# Back Big Man?



## MrFloppy (Jun 25, 2005)

Who should we go after considering we have apparently according to varying estimates spent $3-$5 million on Raja Bell. :cheers:


----------



## BootyKing (Apr 7, 2005)

If we are going to sign another big man someone like Jerome James i think would be a good pick up.


----------



## Tiz (May 9, 2005)

I think the most viable options at this point. Either use the rest of the MLE to offer to Hunter. Or, now that Voskuhl has used his option to package him and Barbosa in trade for either a a decent FC or backup PG. The backup PG would obviously not be needed if we can get someone like Payton or Armstrong with the LLE. Voskuhl and Barbosa gives you about 3mil to play with which could give you some decent size.


----------



## PhatDaddy3100 (Jun 16, 2002)

I am all for just using the rest of the mle to keep hunter, whether or not that will be enough to keep him though is the question.


----------



## Tiz (May 9, 2005)

PhatDaddy3100 said:


> I am all for just using the rest of the mle to keep hunter, whether or not that will be enough to keep him though is the question.


Don't know if that will be possible since Bell is going to eat up most of the MLE based on early estimates.


----------



## MrFloppy (Jun 25, 2005)

Tiz said:


> Don't know if that will be possible since Bell is going to eat up most of the MLE based on early estimates.


What most means is difficult to define because some say most means $3 million others say $5million. So we don't know what we are dealing with to start with.


----------



## Kekai (Jan 12, 2005)

The back up big men in our price sucks. Madsen...Traylor...ZhiZhi....Oh lord help me


----------



## tempe85 (Jan 7, 2005)

I posted in the other thread we might be able to do a sign and trade of Barbosa+Voskuhl for Dan Gadzuric. Probably our best possibility.


----------



## Quills (Jun 18, 2005)

Actully Madsen would be a good fit for your team


----------



## Kekai (Jan 12, 2005)

tempe85 said:


> I posted in the other thread we might be able to do a sign and trade of Barbosa+Voskuhl for Dan Gadzuric. Probably our best possibility.

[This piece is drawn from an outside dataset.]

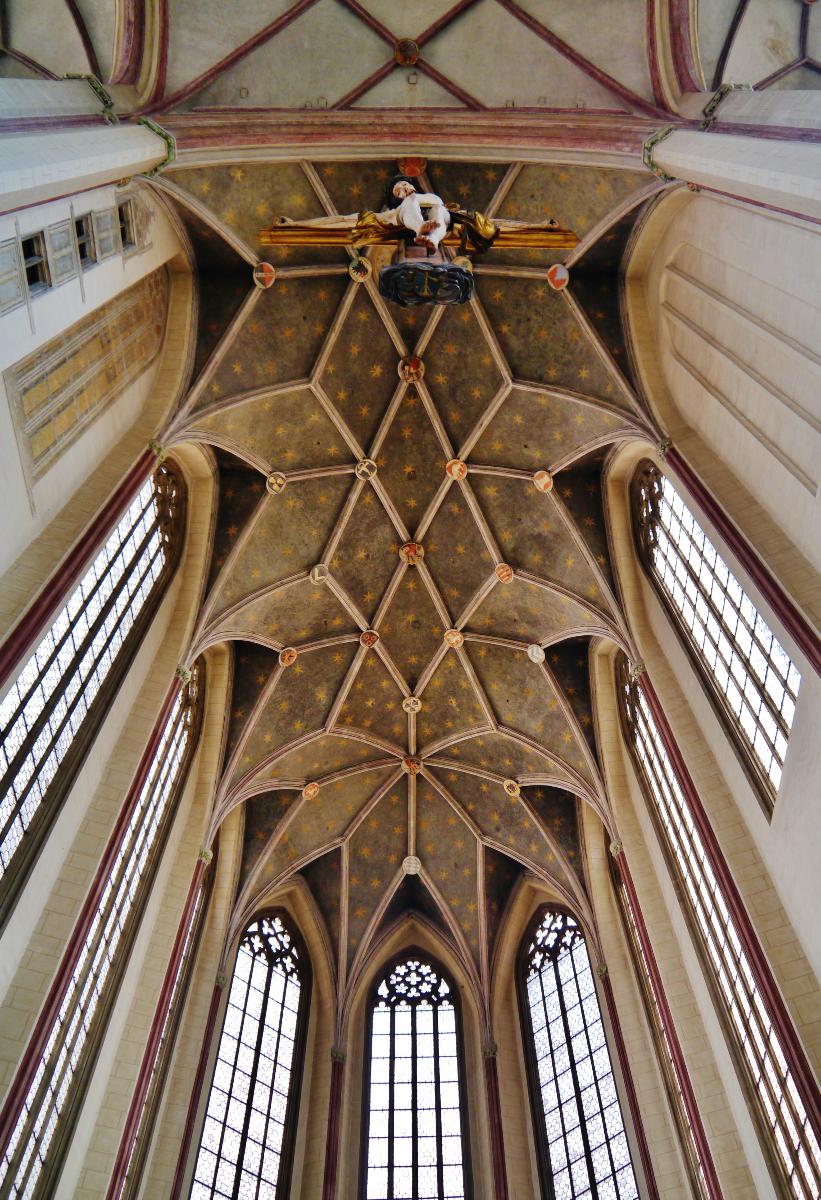 Choir of the Basilica St. Martin, Landshut, Bavaria, Germany 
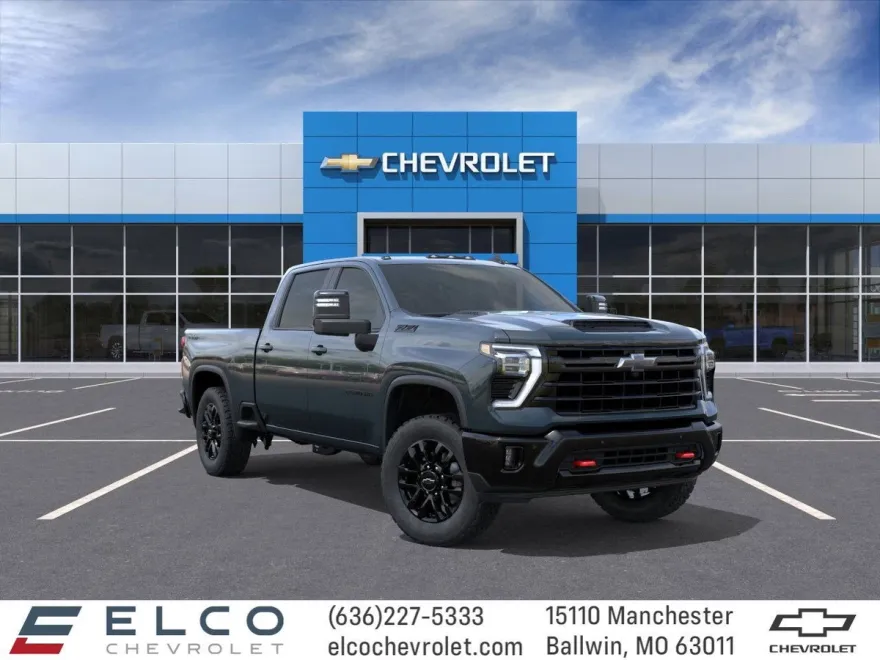 2026 Chevrolet Silverado 2500HD LT photo 1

But then who would be our backup PG? They should throw in Mo Williams or something


----------



## tempe85 (Jan 7, 2005)

Kekai23 said:


> But then who would be our backup PG? They should throw in Mo Williams or something


Unlike Centers there are plenty of backup points available for cheap. One guy like Watson would be great for our team.


----------



## Kekai (Jan 12, 2005)

tempe85 said:


> Unlike Centers there are plenty of backup points available for cheap. One guy like Watson would be great for our team.


Watson...Earl Watson?? I'll pass. Bring back Smush!!!


----------



## Tiz (May 9, 2005)

Of the bigs out there I think Gadzuric would be a decent choice, don't know what he is looking for in FA $$$ though. After him would be Evans (great rebounder and score when he needs to) and Madsen (quick, decent offense and defense and more importantly lots of playoff experience).

I am not completly sold on Jerome James. Guy sat on the bench all year and then had a breakout performance in the playoffs. He was highly motivated for payback in that Sacramento series.


----------



## Kekai (Jan 12, 2005)

I want either of these two guys or both would be good :biggrin:

Lonnie Jones (will play summer league most likely)
Desagana Diop


----------



## tempe85 (Jan 7, 2005)

Kekai23 said:


> I want either of these two guys or both would be good :biggrin:
> 
> Lonnie Jones (will play summer league most likely)
> Desagana Diop


I honestly wouldn't mind to get Diop for the vet minimum (or close to it). Iveroni's specialty is developing big men.


----------



## Kekai (Jan 12, 2005)

tempe85 said:


> I honestly wouldn't mind to get Diop for the vet minimum (or close to it). Iveroni's specialty is developing big men.


Yeah Diop has the potential to be a good shotblocker IMO


----------